File "/label-studio/label_studio/data_import/uploader.py", line 148, in load_tasks

raise ValidationError('load_tasks: No data found in DATA or in FILES')

rest_framework.exceptions.ValidationError: [ErrorDetail(string='load_tasks: No data found in DATA or in FILES', code='invalid')]

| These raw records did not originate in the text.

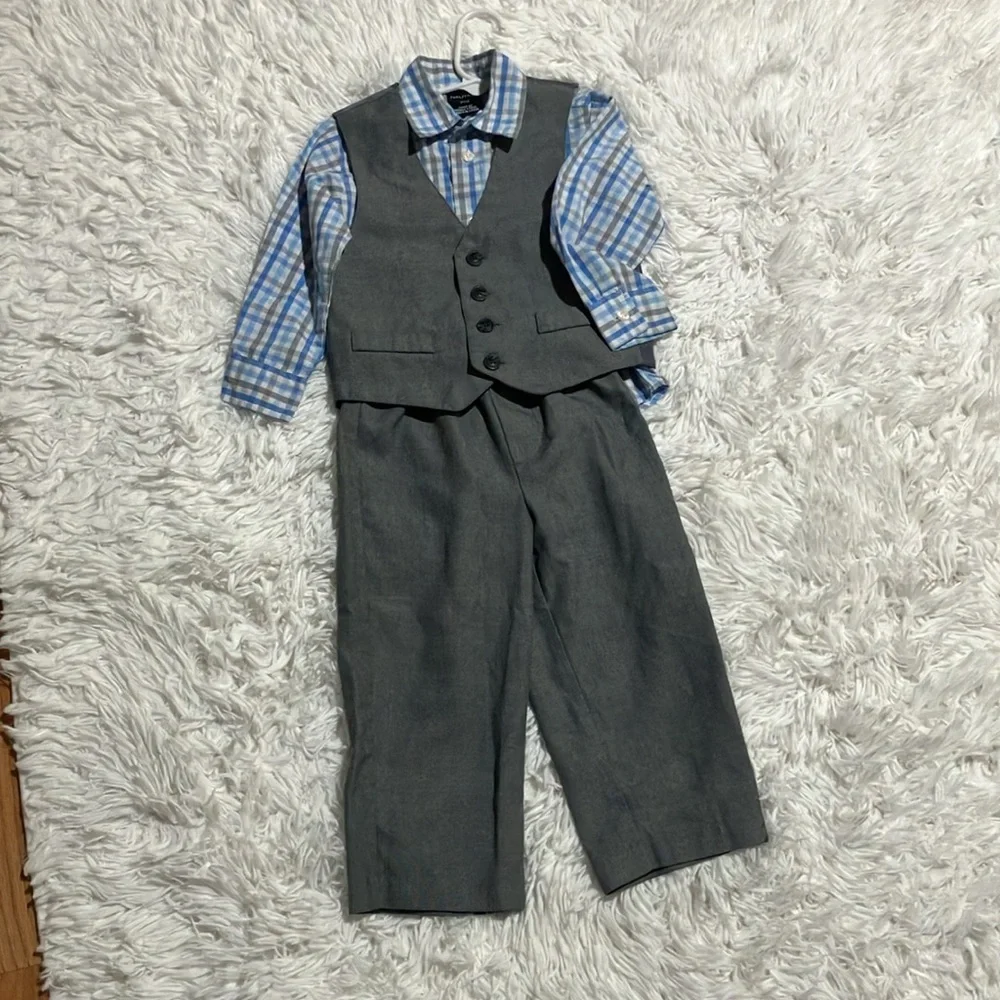 Nautica Gray Vest with Blue Plaid Shirt Set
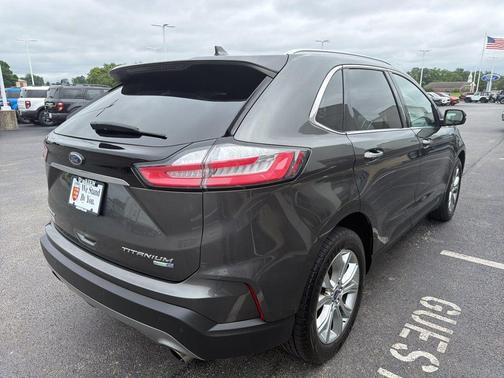 MAGNETIC METALLIC 2019 Ford Edge Titanium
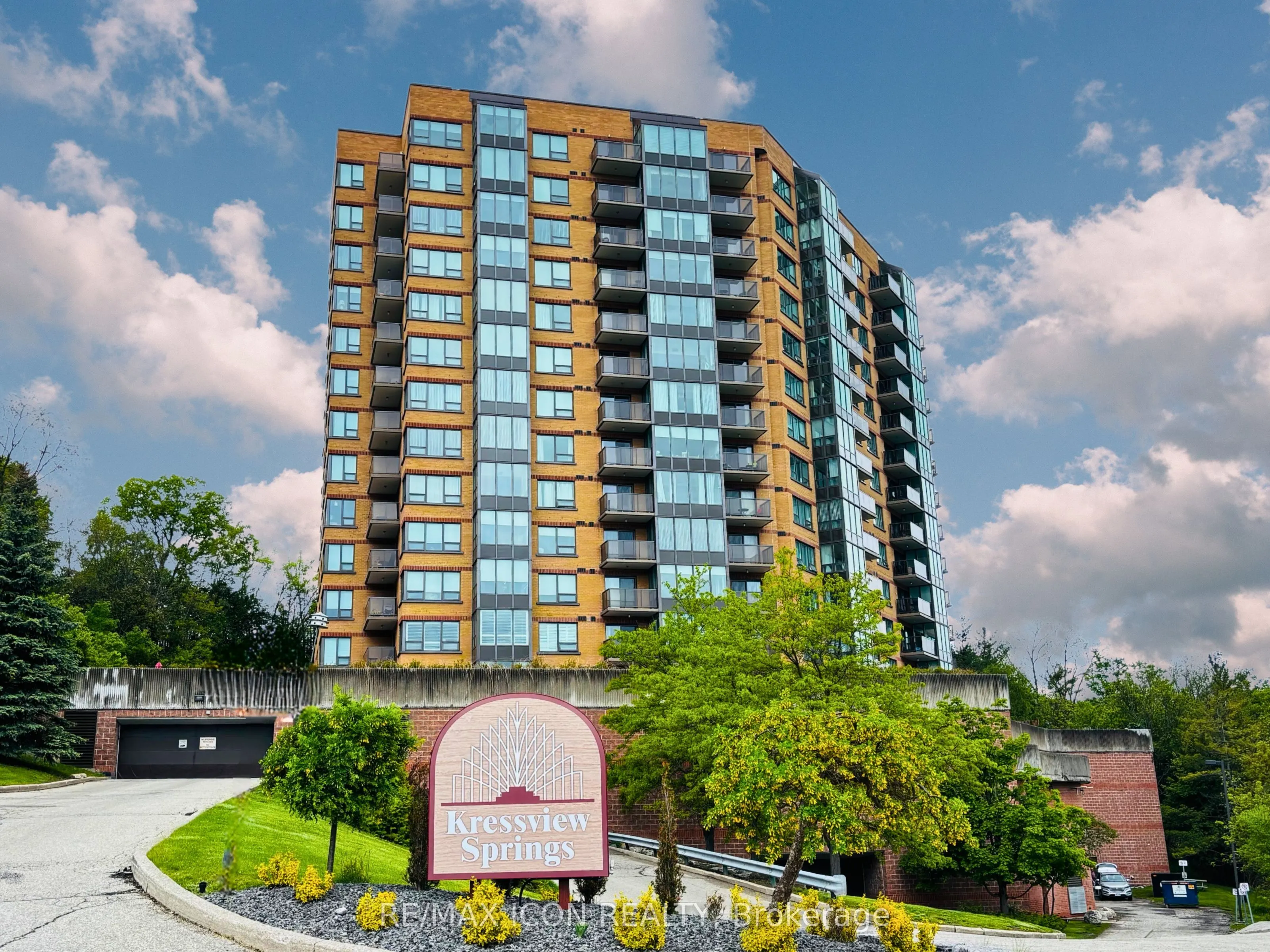 237 King Street W, #901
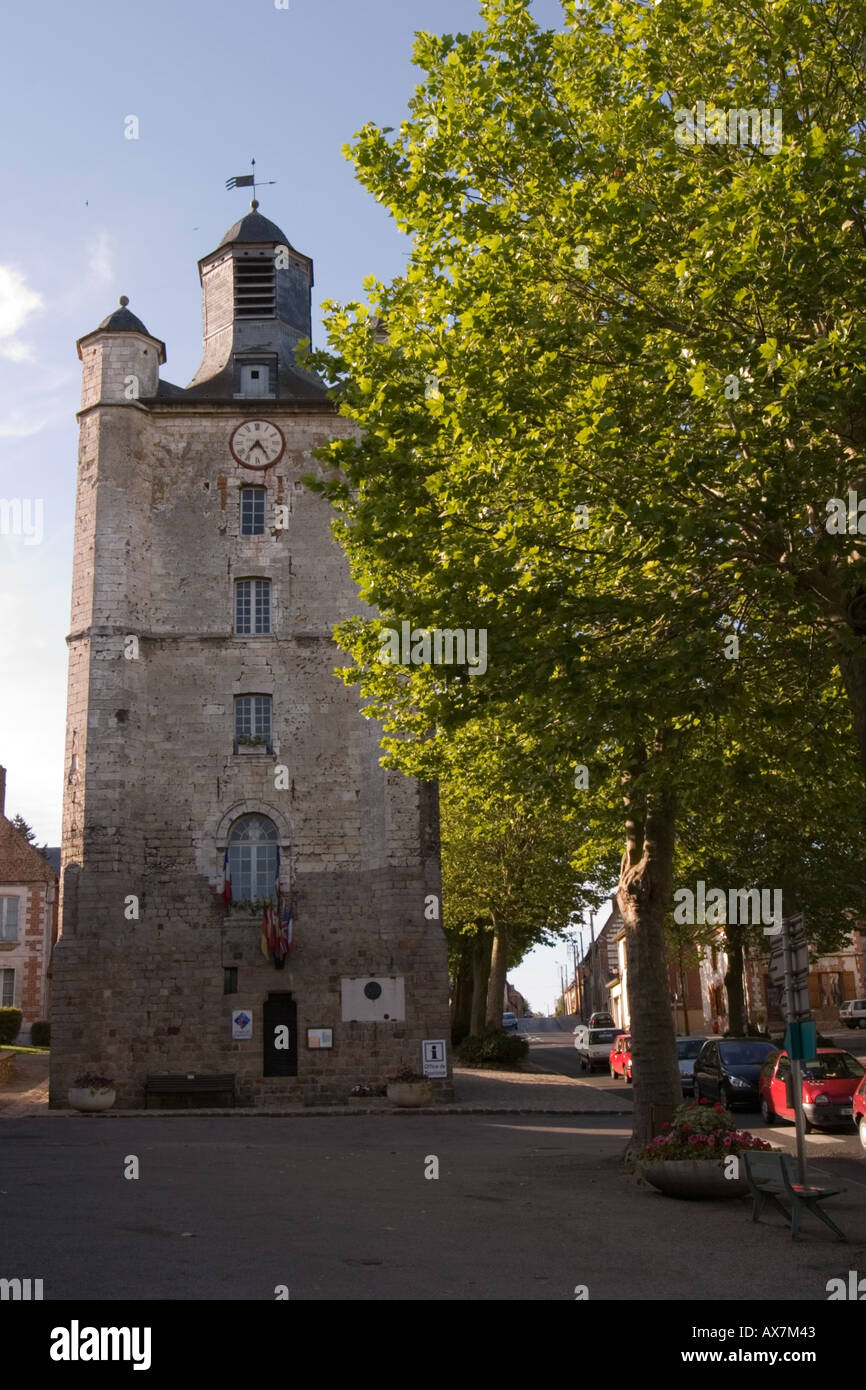 Il vecchio campanile e la torre nel centro di St Riquier Somme Foto Stock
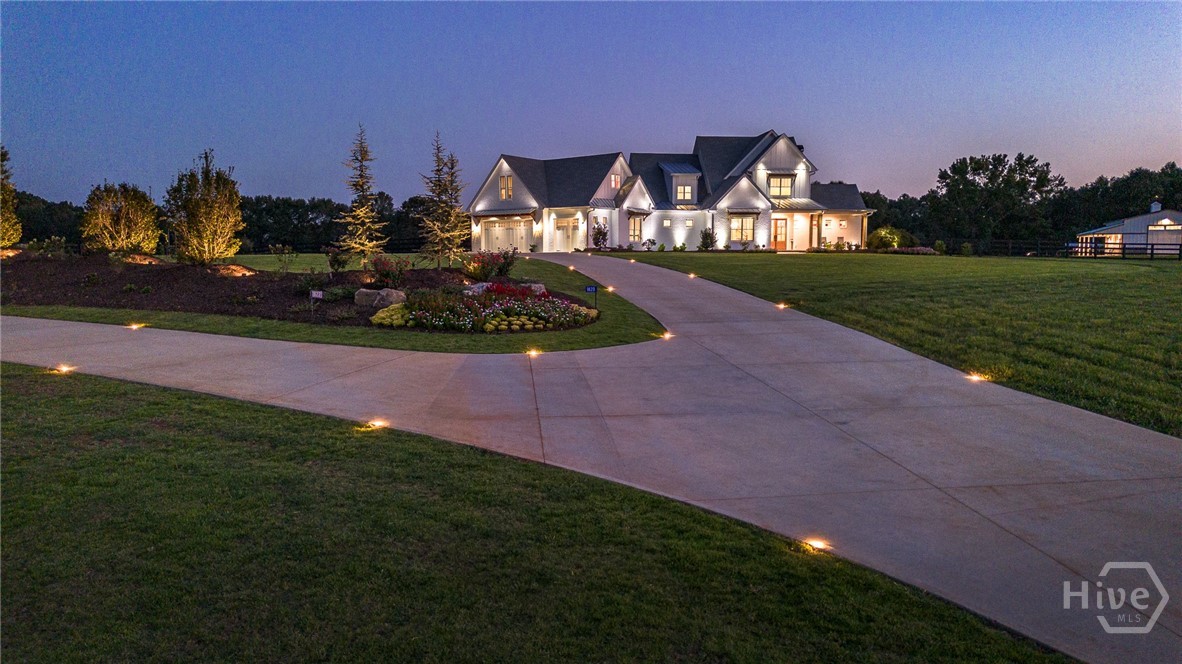1820 Clover Lane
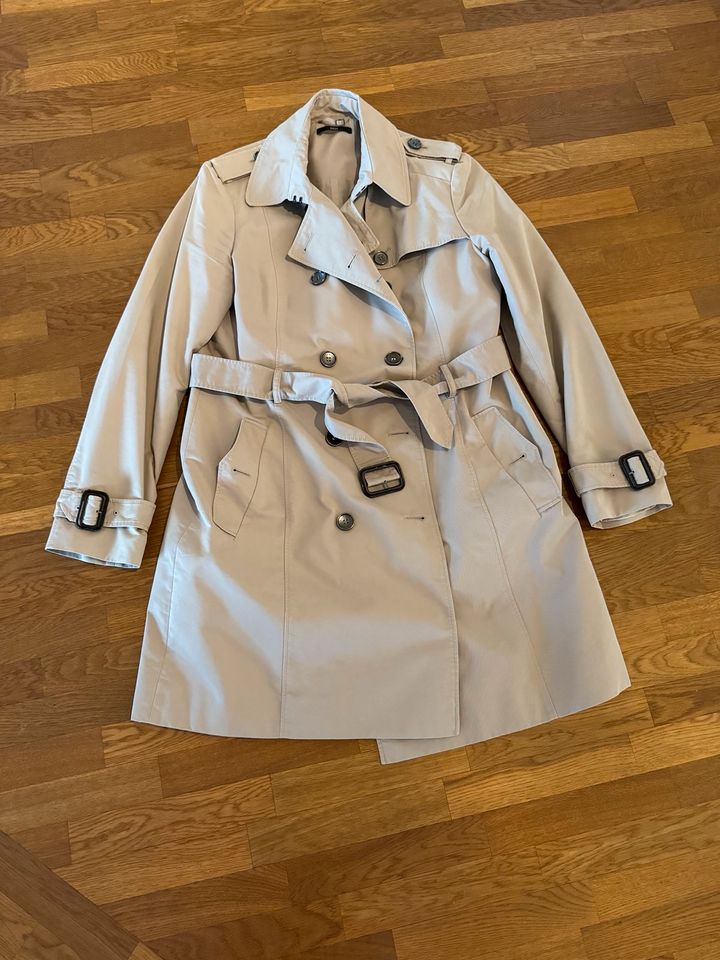 Hugo Boss Trenchcoat Jacke Parka Mantel in Holzwickede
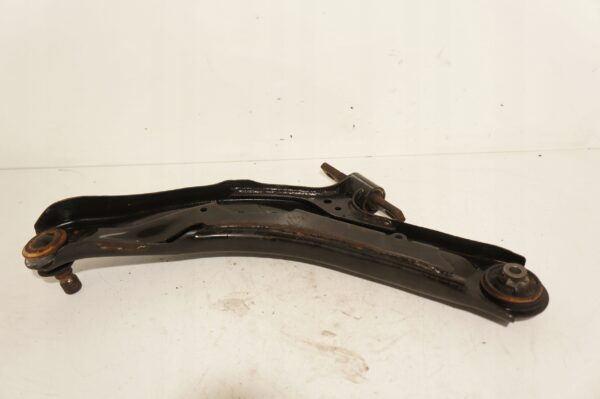 WAHACZ PRAWY PRZÓD NISSAN X-TRAIL T32 8Z06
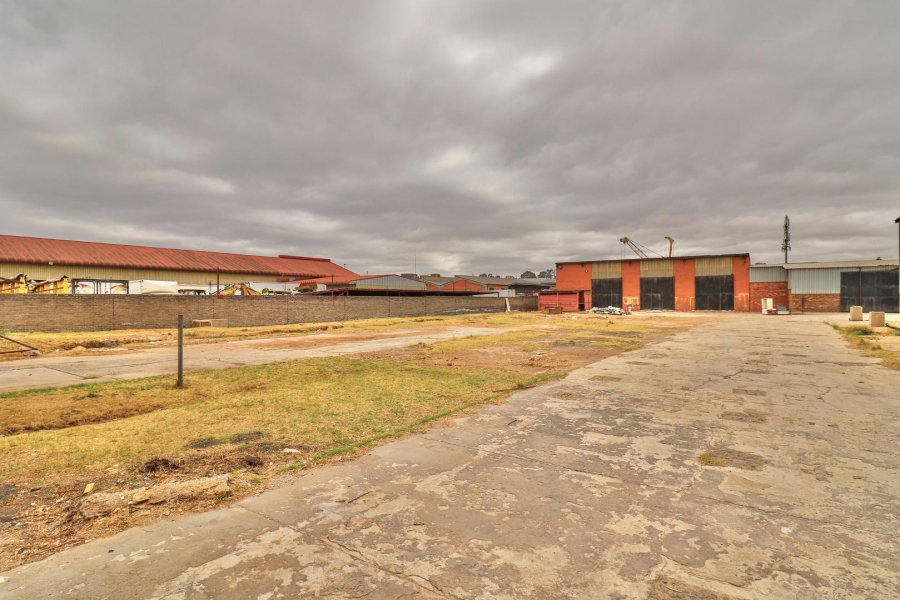 Commercial Property for Sale in Clayville Gauteng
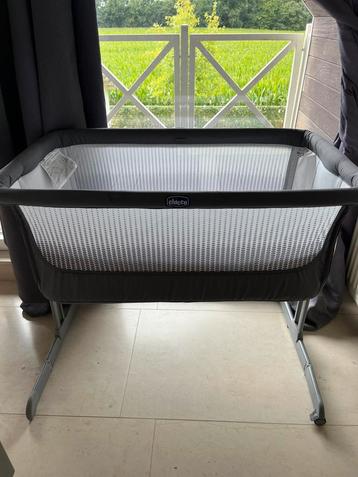 Chicco cosleeper met 3 hoezen beschikbaar voor biedingen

[2022-06-03 09:33:33,009] [django.request::log_response::224] [WARNING] Bad Request: /api/projects/3/import

[03/Jun/2022 09:33:33] "POST /api/projects/3/import HTTP/1.1" 400 221

FancyBanana commented 2 years ago

After simulating the request through Insomnia, I narrowed the error down to the Transfer-encoding: chunked header. If the header is set server will always respond with an error

triklozoid commented 2 years ago

Thanks for the report!

After simulating the request through Insomnia, I narrowed the error down to the Transfer-encoding: chunked header. If the header is set server will always respond with an error

I'm not familiar with Jetty, can you control headers and just exclude this one from request as a workaround?

FancyBanana commented 2 years ago

Transfer-encoding is set automatically by WebClient class from Spring Framework, and as far as I know there's isn't any way to remove it other than setting Content-Length header manually, but that would require to manually serialize multipart form before sending the request. My workaround was to regenerate the OpenAPI Client using RestTemplate instead of WebClient.